Обыватели Антиохии, много чего пережившие за минувшие сутки, потихоньку приходили в себя. Ражие нурманы, присланные, видимо, Боэмундом Тарентским, руководили работами по очистке города от тел павших. Трупы сельджуков сваливали на телеги и вывозили за город. Тела крестоносцев переправляли к главному в городе христианскому храму, дабы отпеть и похоронить со всеми положенными обрядами. Конечно, при взятии Антиохии не обошлось без грабежей и насилий, но больших пожаров в городе не случилось, а потому граф Сен-Жилль мог вволю налюбоваться величественными зданиями города, который мог бы принадлежать ему, но достался ничтожному и наглому нурману. Похоже, Боэмунд уже чувствовал себя здесь полным хозяином, во всяком случае, именно его сержанты охраняли храм святого Петра и дом местного епископа, в котором разместился папский легат. Хорошее настроение благородного Раймунда сильно подувяло, но все же он довольно бодро спешился посреди двора, а на ступени храма и вовсе взбежал словно юный рыцарь, спешащий к своей возлюбленной. Это неуместное в данной ситуации сравнение пришло на ум Сен-Жиллю, когда он увидел помолодевшего и поздоровевшего Адемара де Пюи. Епископ преклонил колени перед хоругвью, которую держал в руках рослый черноволосый воин лет двадцати, и приник к краю стяга губами.

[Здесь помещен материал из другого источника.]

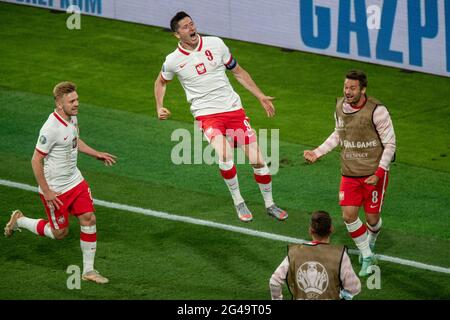 Séville, Espagne. 19 juin 2021. Robert Lewandowski (en haut), de Pologne, célèbre le but lors du match du Groupe E entre l'Espagne et la Pologne à l'Euro 2020 de l'UEFA à Séville, Espagne, le 19 juin 2021. Credit: Meng Dingbo/Xinhua/Alay Live News Banque D'Images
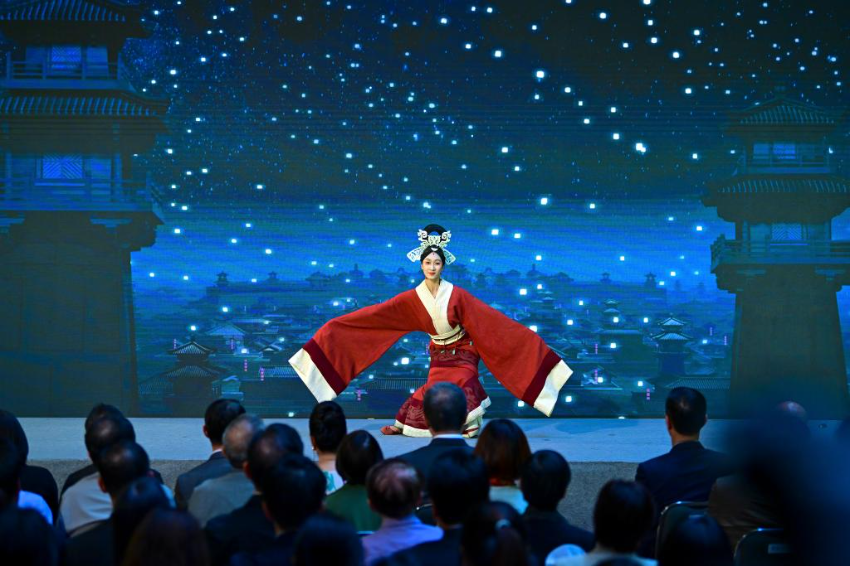 4月18日，北京歌剧舞剧院的演员在首届“中华文化节”节目巡礼上表演。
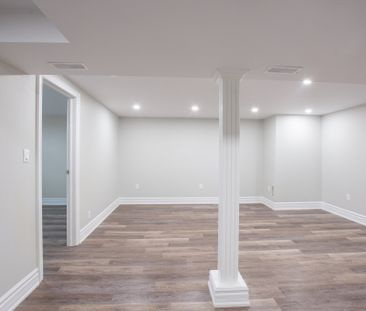 All Inclusive 2 Bedroom + Den Lower Unit in St. Catharines!! - Photo 2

Благородный Раймунд последовал примеру папского легата, а потом встал сам и помог подняться Адемару.
– Я счастлив, Раймунд, – прошептал епископ и глянул на Сен-Жилля сияющими глазами.
– Я тоже, – кивнул граф Тулузский, принимая из рук черноволосого молодца хоругвь. – Твое имя, сержант?
– Ролан де Бове, – спокойно ответил воин. – Я оруженосец виконта Леона де Менга.
– Ты был оруженосцем, благородный Ролан, – торжественно произнес Сен-Жилль, – но отныне ты рыцарь христова воинства и да пребудет благословение божье на твоем челе.
Благородный Раймунд обнажил меч и плашмя положил его на плечо преклонившего колено Ролана де Бове. Епископ Адемар перекрестил нового рыцаря и прочел короткую молитву над его склоненной головой.